Cheese and Mullets


There are some things that are just plain sexy to eat – oysters, obviously, or uni, or a perfectly poached egg. And then there’s burrata, with its lush, milky curds nestled inside a tender skin of fresh mozzarella. It’s so fresh and delicate that it’s not terribly easy to come by, unless you’re willing to camp out at your favorite Italian market some morning on a day when they have it available, so when word came out that the Downcity outpost of Farmstead would be getting a small shipment in, I sent Mike out to grab some for us.

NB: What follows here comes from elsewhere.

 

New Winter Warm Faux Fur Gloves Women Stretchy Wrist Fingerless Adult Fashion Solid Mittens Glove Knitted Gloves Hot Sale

While burrata is fabulous to eat on it’s own, with a drizzle of good olive oil and a sprinkle of sea salt, I had another plan – a big salad of heirloom tomatoes, basil, torn croutons and burrata, inspired by the one that appears in Sunday Suppers at Lucques. Being me, I didn’t go through all of the steps in the recipe – I made my standard sherry vinaigrette, which I gently tossed with a variety of halved or wedged, salted cherry tomatoes and petite heirlooms, then I scattered the tomatoes around my wedges of burrata, added my homemade croutons, scattered sliced green and opal basil all around, then gave it all another drizzle of vinaigrette and a sprinkle of salt. It was a fabulous interplay of colors, textures and flavors, and the salad was substantial enough that we could have made a meal of it. But there was the issue of the mullet.

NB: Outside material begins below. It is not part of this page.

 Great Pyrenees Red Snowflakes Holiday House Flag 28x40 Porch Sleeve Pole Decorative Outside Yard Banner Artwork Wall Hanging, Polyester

I had walked up to Mercato del Mare on my lunch break yesterday to get some fish for tonight’s meal when I spotted this guy and his brother peering at me with those big bright eyes. I just couldn’t resist bringing him home.

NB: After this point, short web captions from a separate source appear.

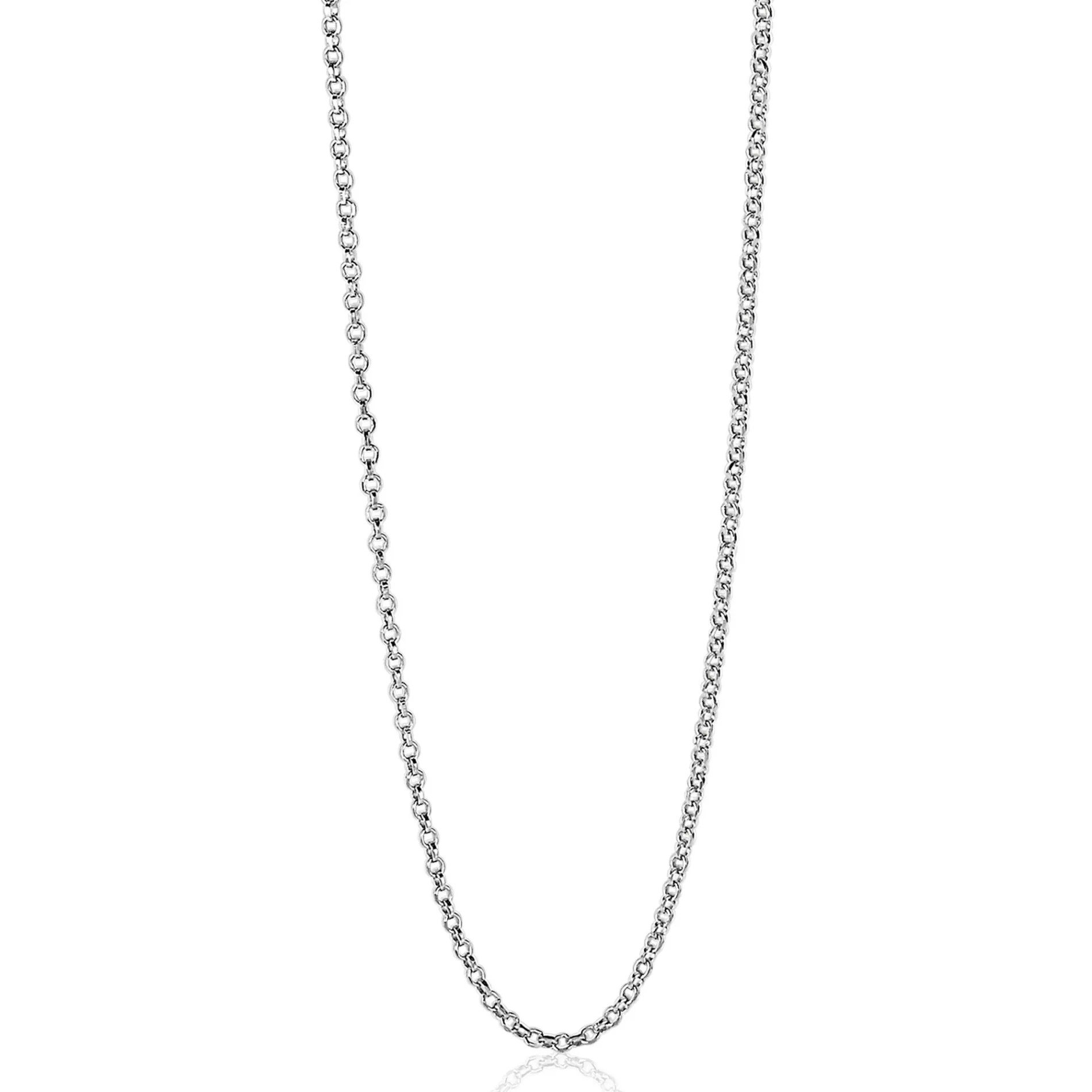 45cm ZINZI zilveren jasseron ketting ZILC-J45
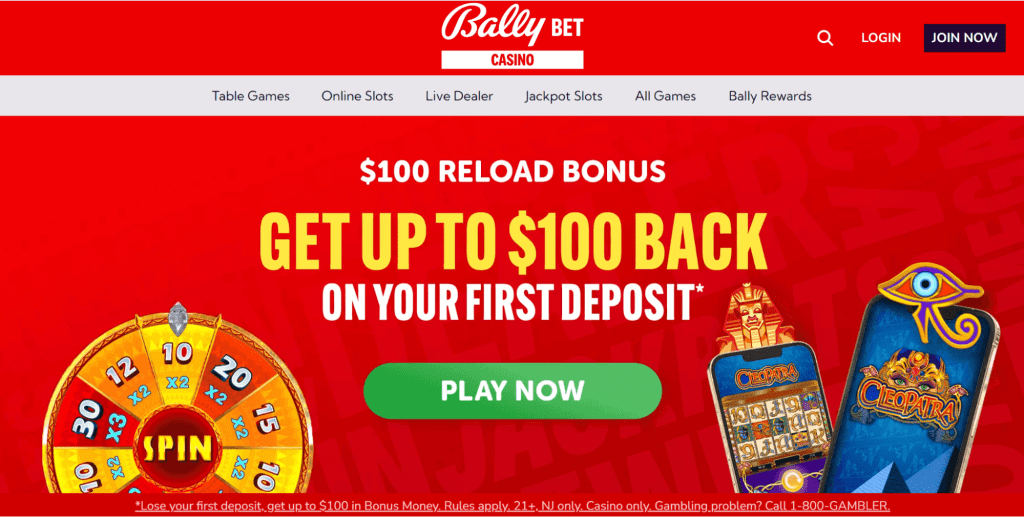 Bally Bet Online Casino Landing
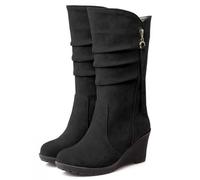 Dernolsea Ladies Faux Suede Pixie Mid Calf Boots - Chunky Wedge Heeled Slouch Boots for Women with Pull On & Zip Detail Black 4 UK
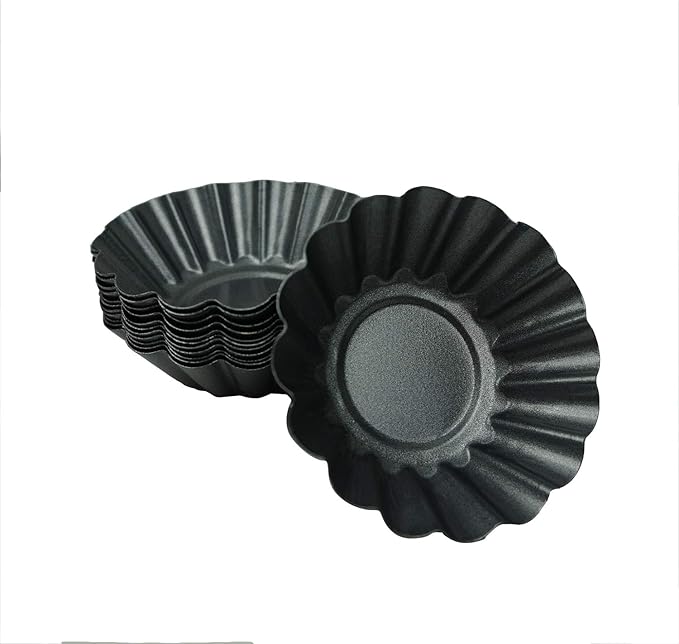 Proshopping 12 Pack Mini Tart Pan, Little Nonstick Carbon Steel Tart Molds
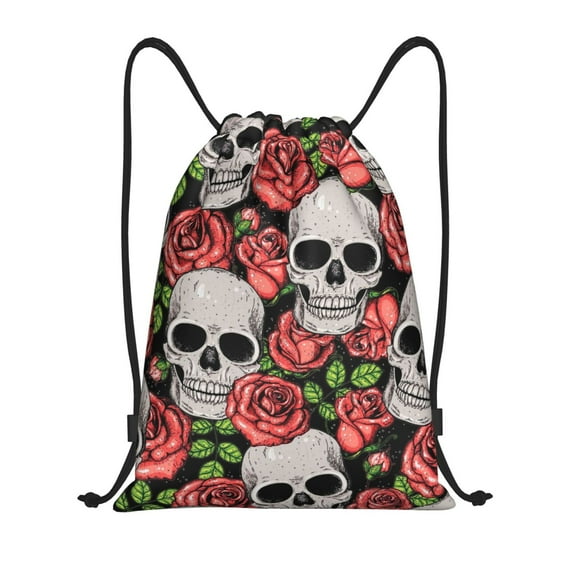 Honeii Skull and Roses Print Drawstring Backpack,Drawstring Bags String Backpack Gym Cinch Sack Backpack Sport Bag Draw-Small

Dinner:  July 9, 2009 - main course

Mike stuffed the fish with sliced lemons and thyme, and put it in a simple marinade of olive oil, sea salt and lemon juice while I assembled our salad, then he grilled the fish in a grill basket while we enjoyed our first course and some fizzy rosė on the patio. When the fish was done, I placed it on a bed of red sorrel leaves and drizzled an olive and anchovy vinaigrette over the top. The mullet was delicious, with the meaty texture of an oily fish but without the strong flavor, and we picked the bones clean.

red sorrel

Summer may have taken her sweet old time coming to New England this year, but now that she’s here I’m relishing every minute. Have a great weekend, everyone.